LA CAÍDA
Se alzó cuidadosamente, ensayó algunos
pasos, trotó y luego, sin molestia alguna, comenzó aquella maravillosa
carrera. Sus piernas, pesadas al
comienzo, parecían tan livianas como las alas de un colibrí.
Corrió, corrió, corrió… Corrió hasta que
la ardiente tarde de verano le mojó el cuerpo de sudor y la respiración se le
hizo dificultosa y jadeante.
El suelo, a veces llano y suave, le
permitía adelantarse con increíble levedad. La blandura de la hierba
amortiguaba el apoyo de sus pasos sobre el piso, dejándole una fresca y
agradable sensación de renovada alegría. Su corazón latió rebosante al recibir
el líquido vital que llegó limpio y vigoroso hasta la aurícula y el ventrículo izquierdo.
Su cerebro, embebido de endorfinas,
activó sus recuerdos de niño, allá, en los terrenos del barrio donde correteaba
con sus amigos en busca de las mariposas y los duendes propios de la niñez.
Los recónditos caprichos del soñar lo
llevaron a otro plano dimensional y pudo oír claramente los vítores de los
partidarios cuando pateó aquel tiro libre en el minuto final del encuentro. Evocó
detalladamente con que precisión colocó el perfil interno del empeine de su pie
derecho bajo la curva inferior de la pelota a fin de obtener la comba precisa y
la fuerza necesaria en el puntapié genial. Con orgullo de líder, le pareció
escuchar otra vez los rugidos de la hinchada del club.
Con su patada magistral, la pelota, en
una trayectoria prodigiosa, entró sin dificultad en el ángulo superior derecho
del arco contario.
Ahora, en los meandros del sueño, el
terreno se puso escabroso y algunas piedras dificultaban su avance, más,
aquella levedad de sus extremidades le permitió esquivarlas con saltos precisos
y elegantes. De pronto, en un tonto descuido, no pudo advertir el montículo de tierra
y se torció el tobillo derecho. Cayó retorciéndose por el dolor. Miró su pierna
y vio espantado la fractura expuesta de peroné.

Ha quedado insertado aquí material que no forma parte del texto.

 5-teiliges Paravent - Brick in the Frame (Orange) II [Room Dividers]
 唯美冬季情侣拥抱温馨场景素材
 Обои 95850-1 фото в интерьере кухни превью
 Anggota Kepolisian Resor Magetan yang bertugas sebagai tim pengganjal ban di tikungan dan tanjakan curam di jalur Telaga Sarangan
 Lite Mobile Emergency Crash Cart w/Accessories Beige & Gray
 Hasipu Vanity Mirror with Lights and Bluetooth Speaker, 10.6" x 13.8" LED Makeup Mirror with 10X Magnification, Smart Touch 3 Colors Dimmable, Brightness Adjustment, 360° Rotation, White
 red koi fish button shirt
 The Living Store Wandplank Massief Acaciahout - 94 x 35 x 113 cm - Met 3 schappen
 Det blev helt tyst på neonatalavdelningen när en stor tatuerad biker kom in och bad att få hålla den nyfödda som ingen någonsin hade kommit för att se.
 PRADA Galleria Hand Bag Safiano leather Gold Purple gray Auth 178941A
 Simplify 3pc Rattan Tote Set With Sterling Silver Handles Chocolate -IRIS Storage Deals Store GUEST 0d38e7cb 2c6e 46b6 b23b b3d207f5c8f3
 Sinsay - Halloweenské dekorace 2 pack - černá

Se sintió caer pesadamente sobre el piso
y la crueldad del sufrimiento acabó con su conciencia. La noche del dolor
terminó oscureciendo la tarde de sol.
-¡Basta por favor! ¡No aguanto más el
dolor! ¡Mi pie, mi pie! -Gritó al despertarse después de tantos días de coma-
-¡¿Dónde te duele?!
-¡El pie derecho! ¡Creo que me lo he
fracturado! ¡Llamen al médico por favor!!!

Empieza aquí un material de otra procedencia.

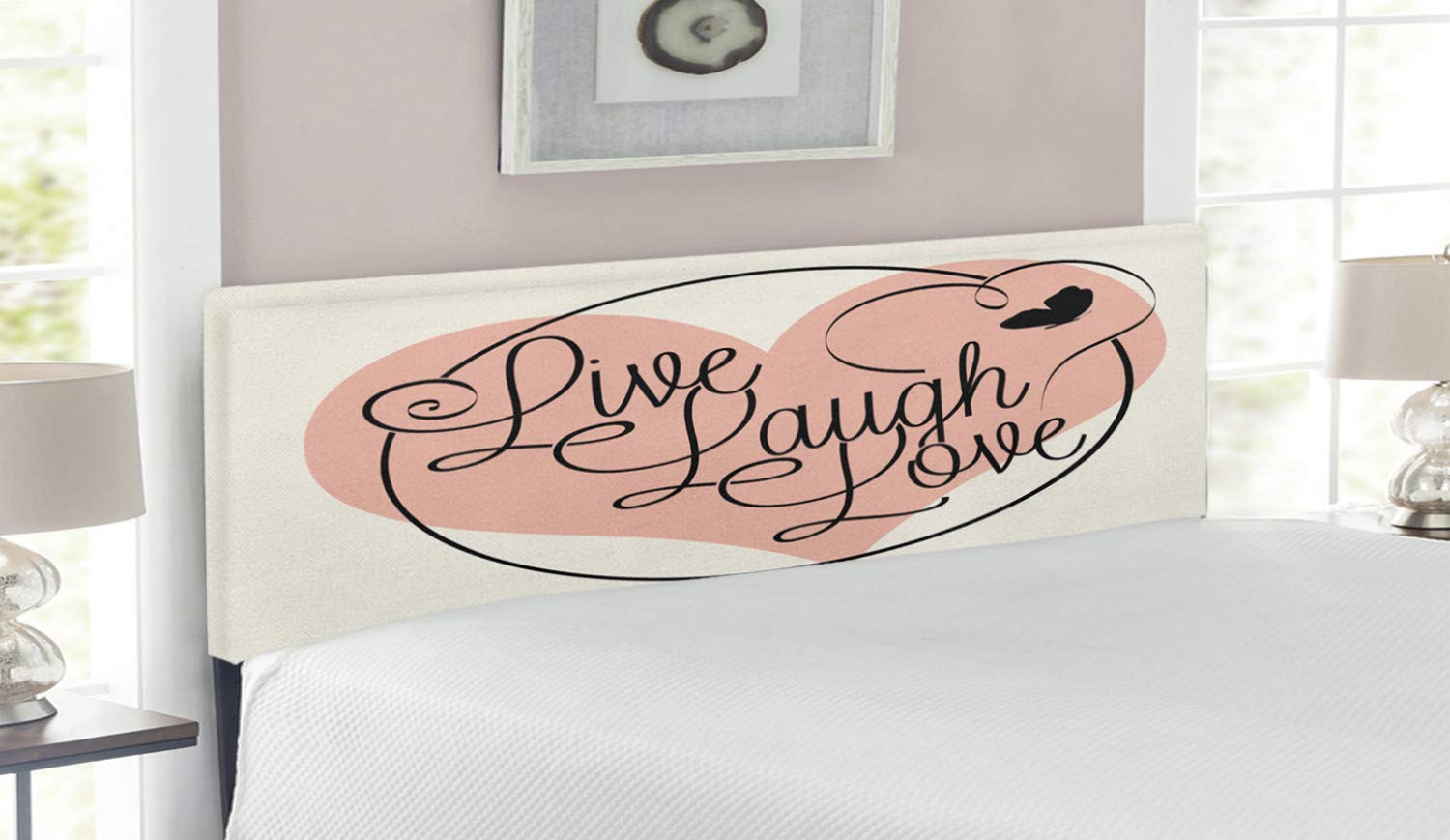 Ambesonne Live Laugh Love Upholstered Headboard - Romantic Valentine's Day Calligraphy Art with Hearts & Butterflies - Queen Size Decorative Metal Bed Headboard with Memory Foam in Pale Pink, Black & White - Perfect for Master Bedroom Decor & Valentine's Gift Ideas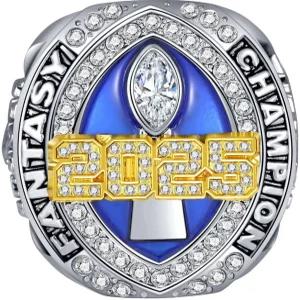 장난꾸러기 이글 2025 판타지 풋볼 챔피언십 링 - 스포츠 팬을 위한 디스플레이 박스가 있는 FFL 트로피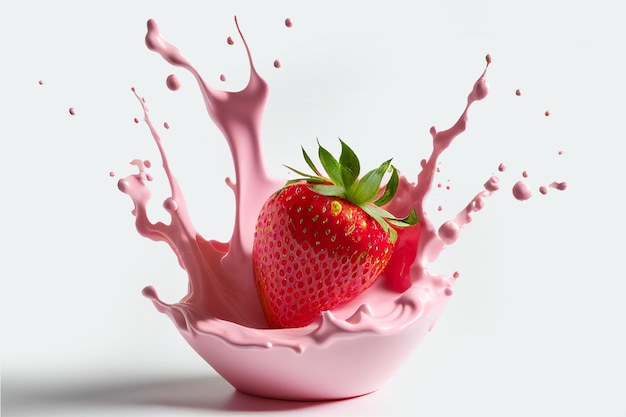 Close up fresh strawberry with splashing milk or fruit yogurt splash cream isolated white background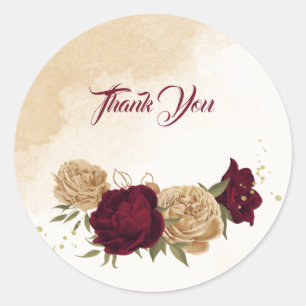 Maroon green beige gold botanical wedding classic round sticker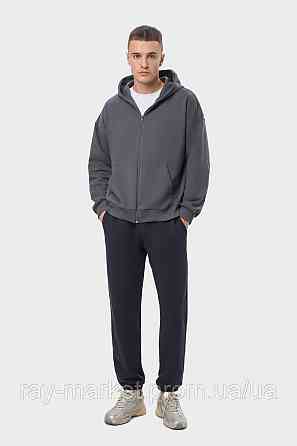 Костюм мужской худи на молнии темно-серый и брюки черные RAY PREMIUM LOOSE U0809 (U0809M-Dark Grey-Black) Киев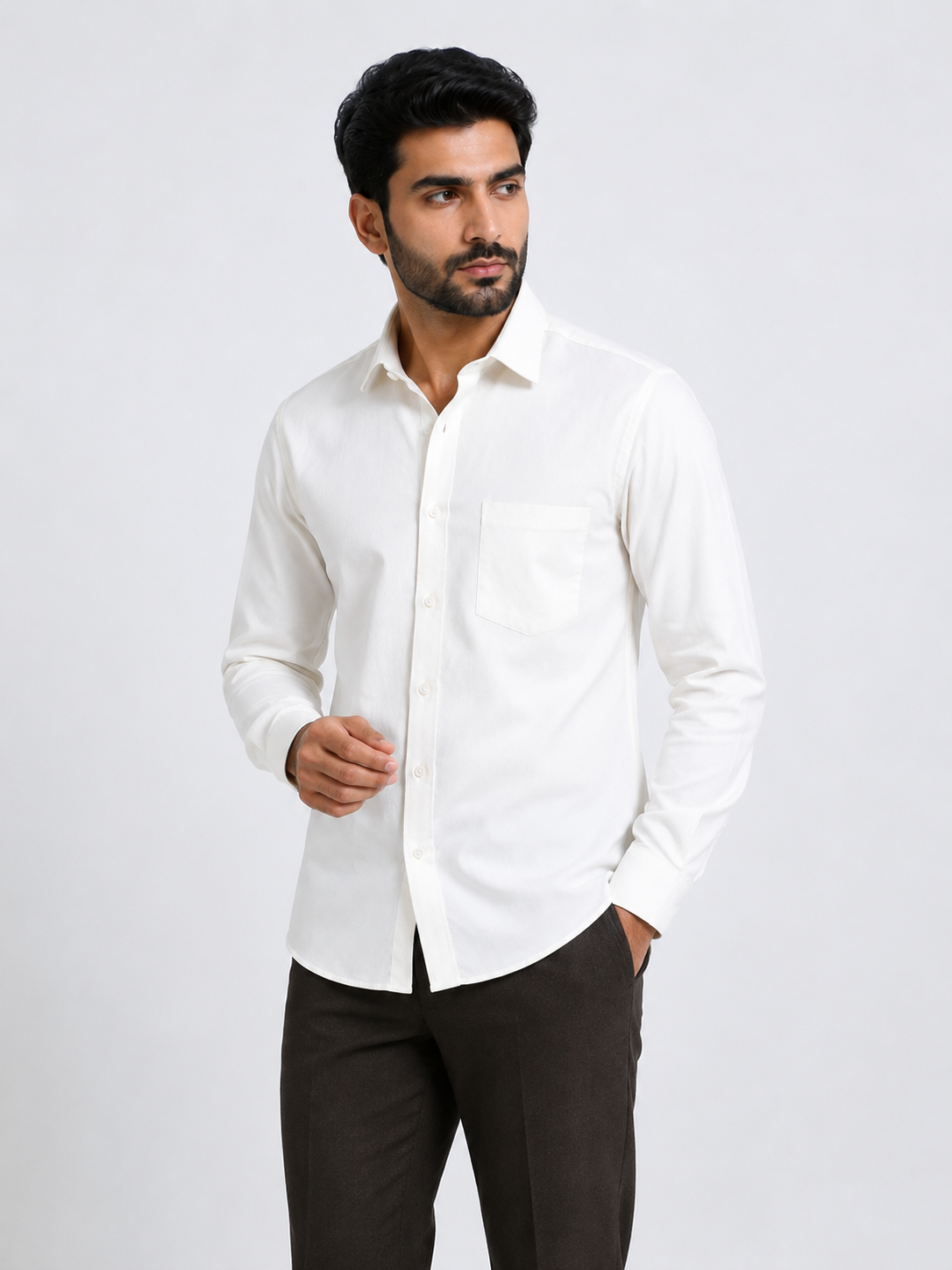 Silent Ivory Luxe Textured Shirt
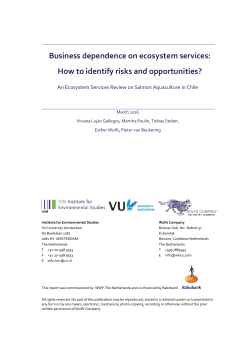 Business dependence on ecosystem services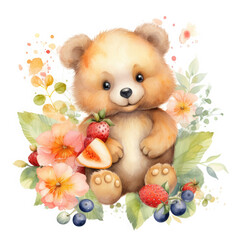 Bear flower and fruits Illustration, Generative Ai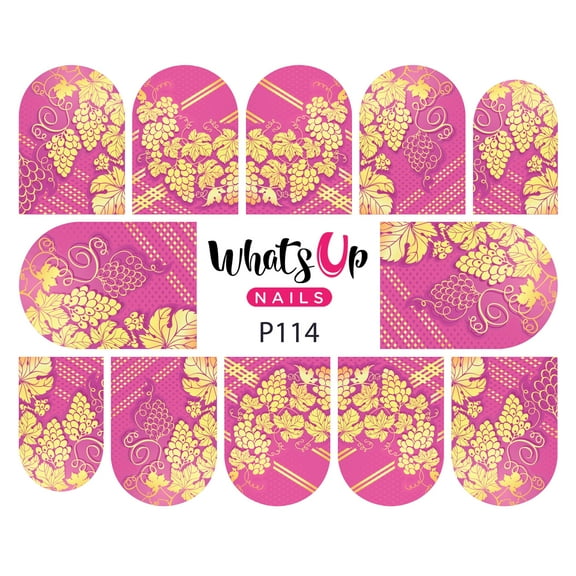 Whats Up Nails P114 Grape Wine Water Decal Sliders for Nail Art Design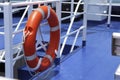 Lifebuoy rings on board for rescuing passengers. Royalty Free Stock Photo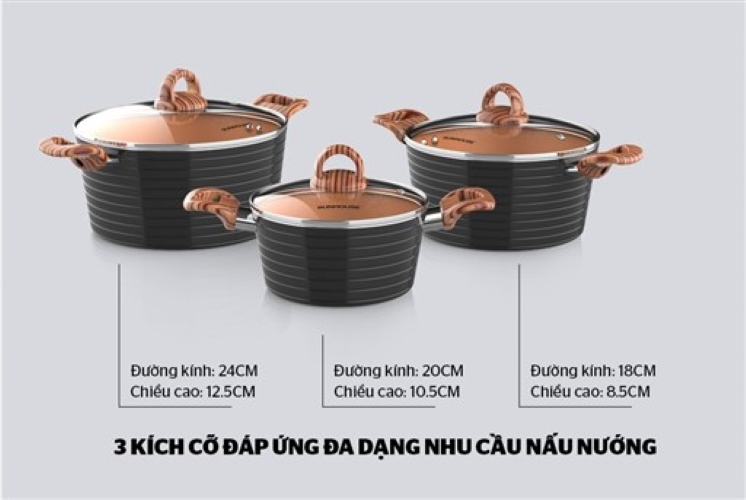 Bộ nồi ceramic đáy từ SUNHOUSE SHG2003MCA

-¡Basta de moverte!, quédate quieto que
ya pasará…
-¡Por favor, no doy más! ¡Hagan algo! ¡Mi
pieeee! ¡Me duele hasta el alma!! ¡No puedo parar de moverlo, si lo dejo quieto
siento que los garfios del demonio me lo destrozan!!! ¡Traigan hielo que me
quema!!!
Una de las asistentes lo miró
compasivamente; en un curso de capacitación, había oído de aquel asunto del “del síndrome del miembro fantasma”.
Mientras las
enfermeras luchaban para inyectarle la morfina, su mujer, que lo estaba
cuidando desde el principio, se levantó de la silla que ocupaba al lado de la
cama y se acercó a la ventana de la habitación desde donde se divisaba el enfermizo
parque del hospital.
Dos silentes y amargos lagrimones se
deslizaron por sus mejillas. Recordó el maldito cigarrillo. la gangrena y el
diagnóstico fatal y definitivo del cirujano cuando, un mes atrás, le comunicó
que la única solución era la amputación de la pierna a la altura de la rodilla.
Estuvo largo rato allí, hasta que los
gritos de dolor que profería su marido fueron decreciendo hasta transformarse
en una exigua queja de un adagio angustiante. Sin volver la cabeza, imaginó que
el pobre se estaría adormeciendo y que su dolor menguaría en unos instantes
más.
Afuera, debajo del viejo roble que crecía
en el parque, dos chicos jugaban con una gastada pelota de fútbol.